Extracted records
'''

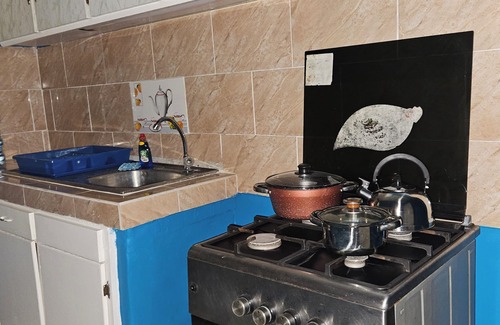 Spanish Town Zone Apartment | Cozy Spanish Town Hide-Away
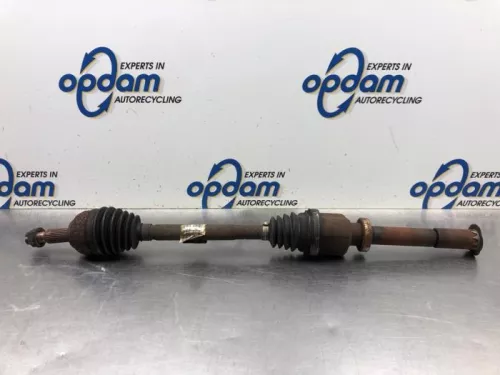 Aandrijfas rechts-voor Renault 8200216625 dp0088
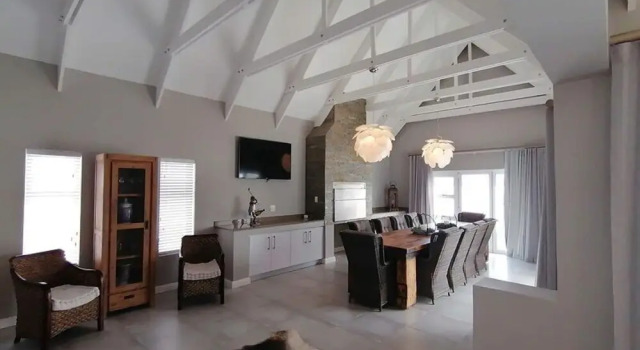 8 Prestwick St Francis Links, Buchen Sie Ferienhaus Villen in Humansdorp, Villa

'''
'''

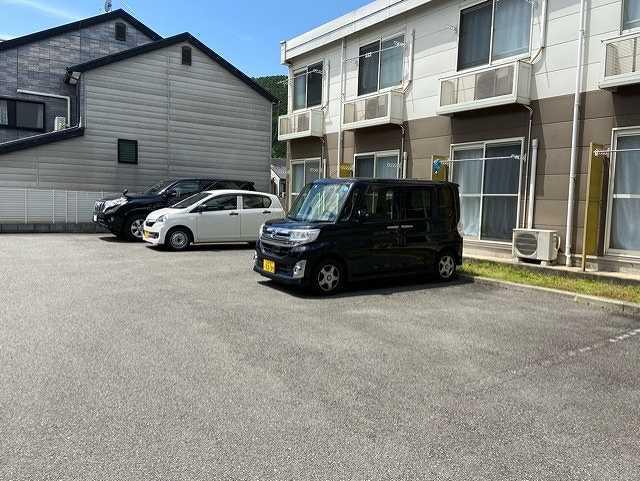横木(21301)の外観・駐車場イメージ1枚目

'''
'''

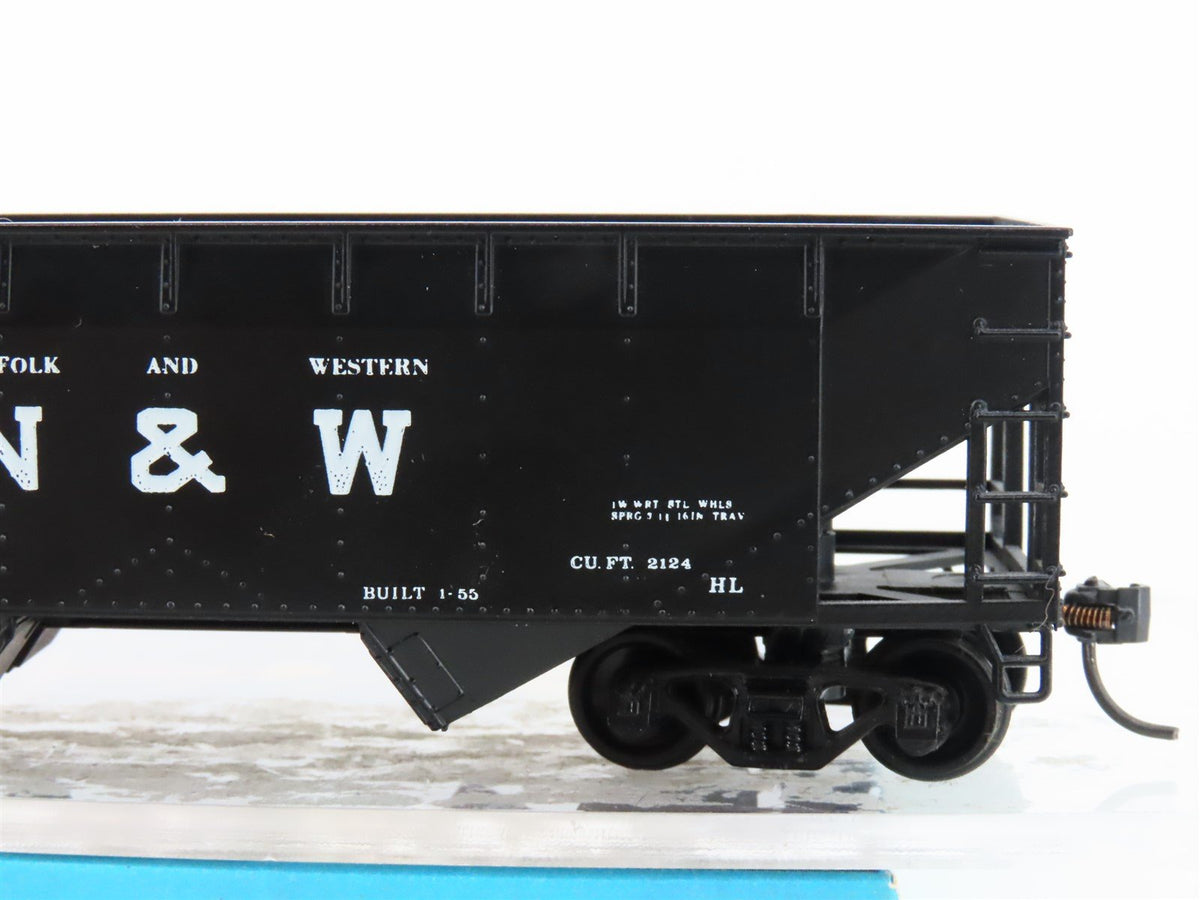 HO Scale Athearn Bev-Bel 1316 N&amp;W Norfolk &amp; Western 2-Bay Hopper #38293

'''

Work request
The result should be an exact copy of only the lines above from the one that holds "Spanish Town Zone" through the one that holds "8 Prestwick St", both ends included, without pictures.

Answer to the problem
 Spanish Town Zone Apartment | Cozy Spanish Town Hide-Away
 Aandrijfas rechts-voor Renault 8200216625 dp0088
 8 Prestwick St Francis Links, Buchen Sie Ferienhaus Villen in Humansdorp, Villa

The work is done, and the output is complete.